172 THE SEVEN LAMPS OF ARCHITECTURE
to the Salisbury dog-tooth moulding1 of which the effect is sketched in fig. 5, Plate X., but I have done more justice to it nevertheless than to the beautiful French one above it; and I do not think that any candid reader would deny that, piquant and spirited as is that from Salisbury, the Rouen moulding is, in every respect, nobler. It will be observed that its symmetry is more complicated, the leafage being divided into double groups of two lobes each, each lobe of different structure. With exquisite feeling, one of these double groups is alternately omitted on the other side of the moulding (not seen in the Plate, but occupying the cavetto of the section), thus giving a playful lightness to the whole; and if the reader will allow for a beauty in the flow of the curved outlines (especially on the angle), of which he cannot in the least judge from my rude drawing, he will not, I think, expect easily to find a nobler instance of decoration adapted to the severest mouldings.

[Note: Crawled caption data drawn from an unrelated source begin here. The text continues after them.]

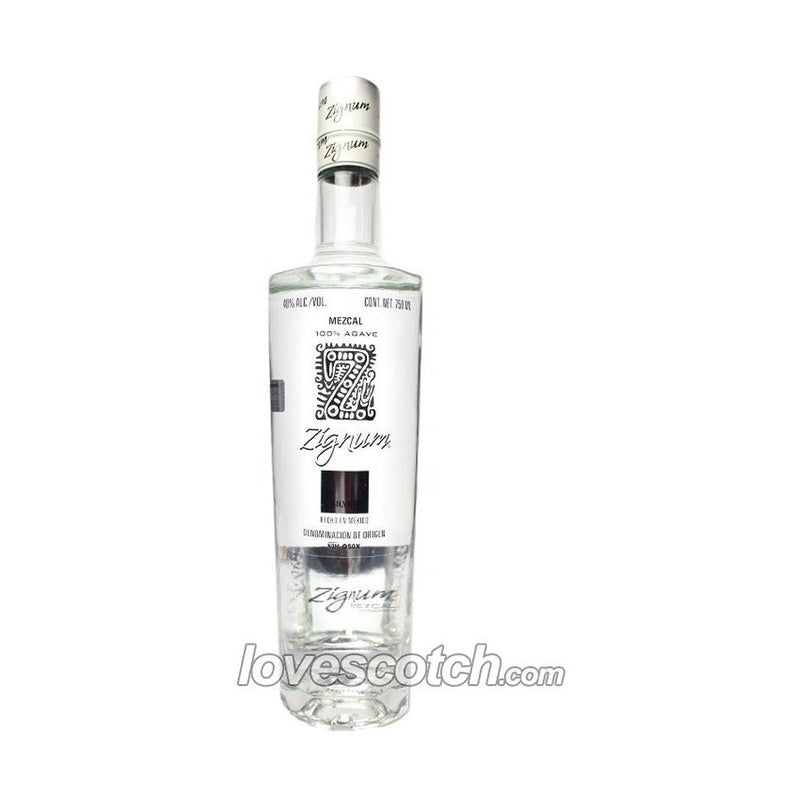 Zignum Mezcal Silver - ForWhiskeyLovers.com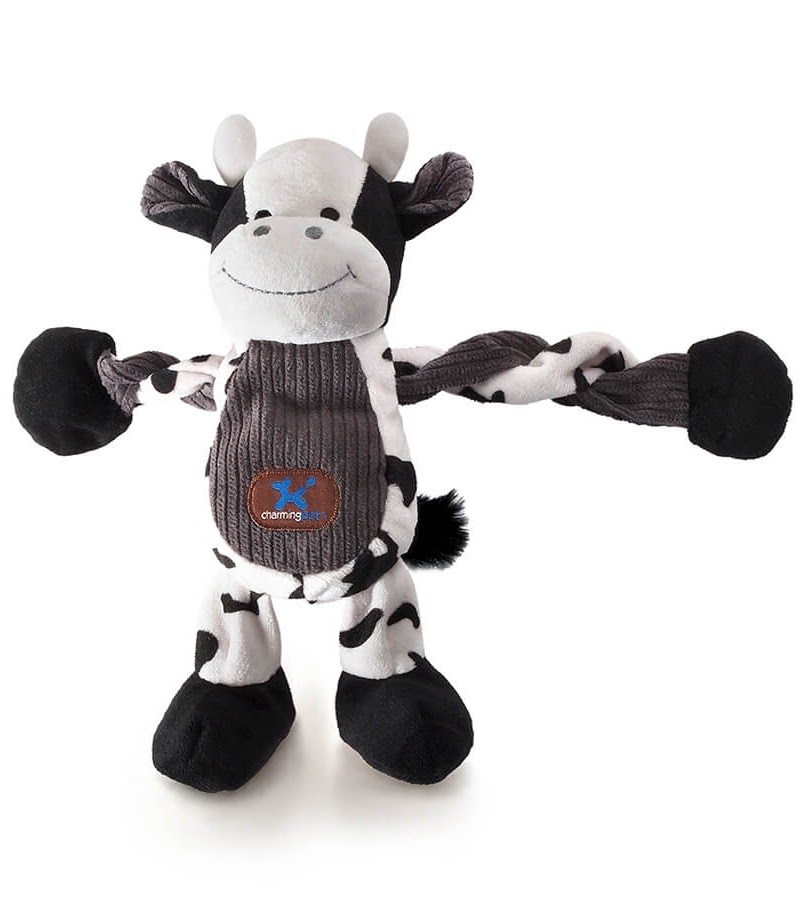 

Игрушка с пищалкой для собак корова Charming Pet Pulleezz Cow 30 x 33 x 6 см Charming Pet BGL-CPT-6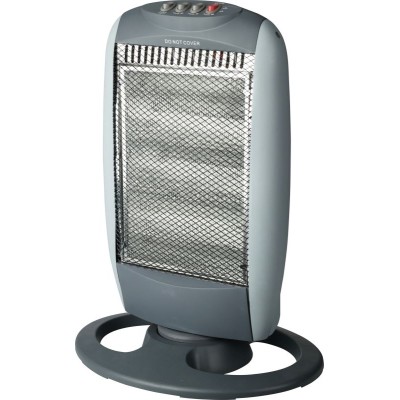 Excellent Electrics Straalkachel - Halogeen verwarmer - Warmtebereik 20m2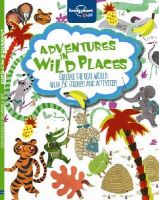 Lonely Planet - Lonely Planet Kids Adventures in Wild Places, Activities and Sticker Books - 9781743603963 - V9781743603963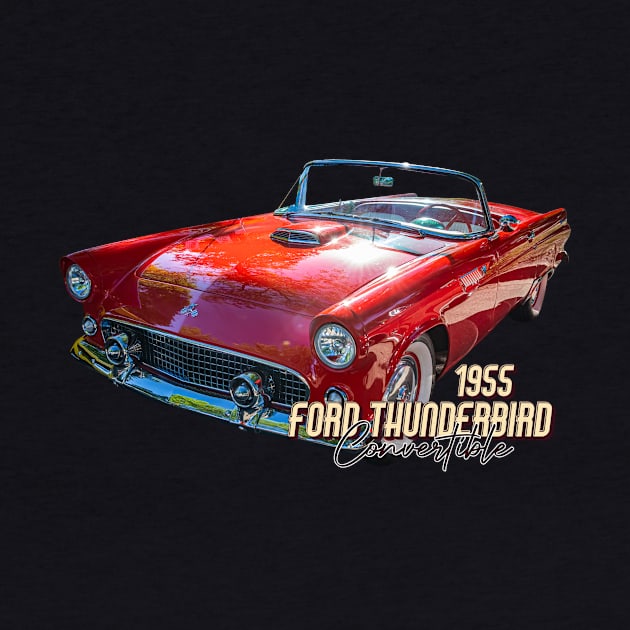 1955 Ford Thunderbird Convertible by Gestalt Imagery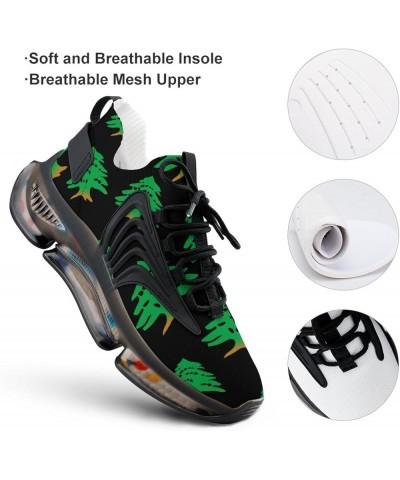 Lebanese Flag Women's Running Shoes Non Slip Breathable Sneakers for Walking Travel 9women/7men $39.77 Athletic Shoes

Now it will be observed, that there is in its treatment a high degree of abstraction, though not so conventional as that of Salisbury: that is to say, the leaves have little more than their flow and outline represented; they are hardly undercut, but their edges are connected by a gentle and most studied curve with the stone behind; they have no serrations, no veinings, no rib or stalk on the angle, only an incision gracefully made towards their extremities, indicative of the central rib and depression. The whole style of the abstraction shows that the architect could, if he had chosen, have carried the imitation much farther, but stayed at this point of his own free will; and what he has done is also so perfect in its kind, that I feel disposed to accept his authority without question, so far as I can gather it from his works, on the whole subject of abstraction.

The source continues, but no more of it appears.